Förderjahr 2021 / Stipendien Call #16 / ProjektID: 5900 / Projekt: Synthetic Content for Probe-Resistant Proxies
So what am I working on actually?
The inspiration for this work originated from a discussion thread inside the Tor Project's Gitlab instance and is based on the work from Frolov and Wustrow named "HTTPT: A Probe-Resistant Proxy". In their work they describe the idea of a proxy that hides behind an HTTP server and can resist active active probing attacks. The discussion thread was about finding a way to programmatically create content (therefore synthetic content) for the web server that should serve as a camouflage for the hidden proxy. The easiest approach would be to simply copy the structure and content of an already existing website, but this would not only cause legal issues (copyright claims) but also raise suspicion if a censor would inspect the web server and find copied content on it.
Probe-Resistant Proxies
As the name already indicates, a probe-resistant proxy represents a proxy that is not vulnerable to active probing attacks. During these attacks the censor would try to connect to the suspected server and attempt to communicate with it using several known circumvention protocols. If the server responds to one of the protocols, it reveals itself as a proxy and the censor will block access to that server.
In order to resist these attacks several probe-resistant proxy protocols have been developed, including ScrambleSuit, obfs4, Shadowsocks and Lampshade. These protocols have one thing in common, they require the knowledge of a shared secret in order to establish a successful connection with the server. The secret is shared with the clients through a private channel beforehand. Active probing attacks are for example performed by China's great firewall, in which they send connection attempts to suspected Tor servers. Random data is being generated to guess the correct secret and if the server responds with the Tor protocol it will be blocked instantly.

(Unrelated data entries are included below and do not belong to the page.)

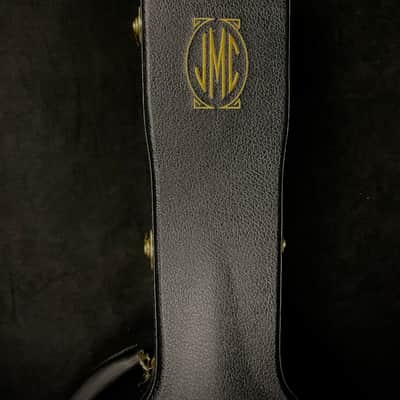 Martin OMJM John Mayer 20th Anniversary image 7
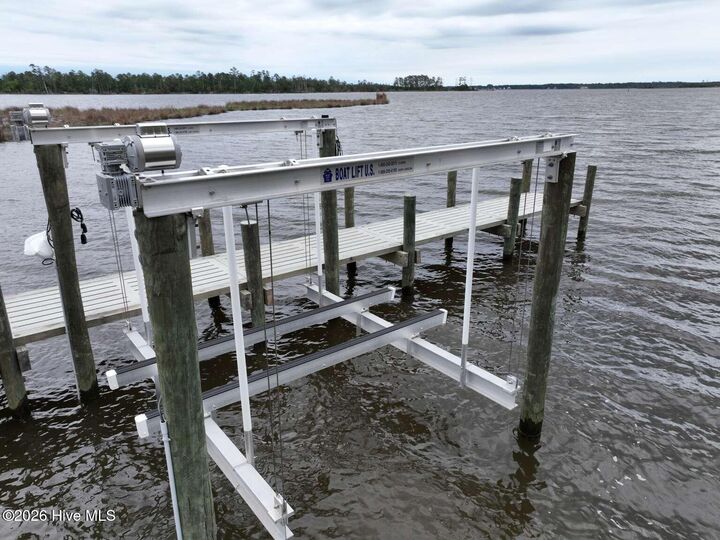 Property Photo:  754 37 Cutter Bay Way  NC  
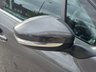 USED 2019 19 PEUGEOT 2008 1.2 PureTech Allure Premium SUV 5dr Petrol EAT Euro 6 (s/s) (110 ps) RAC PLATINUM WARRANTY INCLUDED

This diagram gives a brief overview of the basic concept of HTTPT. The user, located in a censored network, would install the HTTPT client and provide the secret that was obtained beforehand through a channel like email or telegram for example. The HTTPT client will establish a successful TLS connection to the web server that disguises itself as a harmless HTTP web server to the censor, but equipped with the correct secret, it will allow the HTTPT client to connect to the proxy that is located outside the censor controlled network and hidden behind a HTTP server, and allow the user to access content that might otherwise be blocked.
Synthetic Content
The aim of this project is to create a framework capable of automatically creating a complete website from scratch with as less effort as possible from a user perspective, to mask the true intentions of the HTTP server as well as possible. This includes the website's DOM structure as well as the content served on the website (textual content as well as images) without violating copyright laws.
Website Templates
During the first step, the framework offers a collection of open source Jekyll templates to choose from, which have been collected from Github. Jekyll is a static site generator written in Ruby that only takes Markdown, Liquid, HTML and CSS as input. The advantage of using a static website is that the there is no processing of the content on the server, therefore no interaction with databases is needed, which reduces the website generation complexity. The framework parses those templates and adds placeholders to every webpage which will be filled with texts and images during the next stages.
Text and Images
There are a number of language models to choose from that offer text generation capabilities. However, most of them require the user to setup the model, which would require machines that fulfill the high demanding resources which subsequently can carry immense costs. Luckily, OpenAI offers an effortless approach to accessing these models by providing an official API. Although access to the API is not for free, OpenAI offers upon request free credit's for research purposes. The framework will use this API access to generate its content.
GPT-3 is OpenAI's most capable language model and it provides several engines to choose from, depending on the actual task and the required speed for it. Additionally, it offers a content filter option, which comes in handy, since the framework needs to create synthetic content that won't automatically trigger a censor to block the website just based on the topics covered within the website.
Dall·E 2 is an AI system from OpenAI that can create realistic images from a description in natural languages. This will help our framework to add images meaningful images to the synthetic content and increases the actual authenticity of the website. Unlike GPT-3, access to Dall·E 2 is only possible through joining a waitlist.
Current Development Status
As of writing this blog article, the framework is capable of parsing the Jekyll templates and positioning the placeholders inside the documents. After some waiting, API access to GPT-3 has been granted and development of generating and placing the synthetic text content has started. However, it is still uncertain when and if access to Dall·E 2 will be granted within a feasible time. If not, alternatives have already been selected and will be otherwise further researched on.